How, one might wonder, does a person such as Erma B. Torrance become involved in pretrial, probation and parole as a career?
The chief of District 6, which includes Isle of Wight County and the city of Suffolk, said, “Ironically, when I began college, I majored in early childhood education, but I quickly changed my mind when I was assigned to work at a child care facility. At one point, I had aspirations to be a police officer, but I changed my mind about that as well. Crime and criminality has always interested me, so I changed my major to criminal justice administration. In 1984, I began my career in the criminal justice field as a correctional officer with the Georgia Department of Corrections. I was 21 years old, and I worked at a women’s prison located in my hometown in Milledgeville, Ga.”
She added that her husband’s Navy career required periodic relocation, but each time she found work at a nearby prison wherever they were stationed. For example, Torrance was also employed as a correctional corporal with the South Carolina and Georgia Department of Corrections, a pretrial officer at Chesapeake Community Corrections, and as a counselor at several federal halfway houses. They’ve been in Virginia since 1992.
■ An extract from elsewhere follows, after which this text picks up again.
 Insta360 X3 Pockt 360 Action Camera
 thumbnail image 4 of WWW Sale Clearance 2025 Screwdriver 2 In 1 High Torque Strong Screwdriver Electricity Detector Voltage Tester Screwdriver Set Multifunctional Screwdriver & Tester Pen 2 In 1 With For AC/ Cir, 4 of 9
She earned an associate degree in public service from Trident Tech University in South Carolina, and a Bachelor of Science degree in criminal justice from Old Dominion University.
She noted that VDOC is “a learning organization. So, we pride ourselves on the continuing development of our employees.”
On her husband’s retirement in 2004, the Torrances built a home in Western Tidewater. The couple has a son and grandson.
She is a member of the Church of Jesus Christ of Latter-day Saints and hopes to become more active in the community when she retires.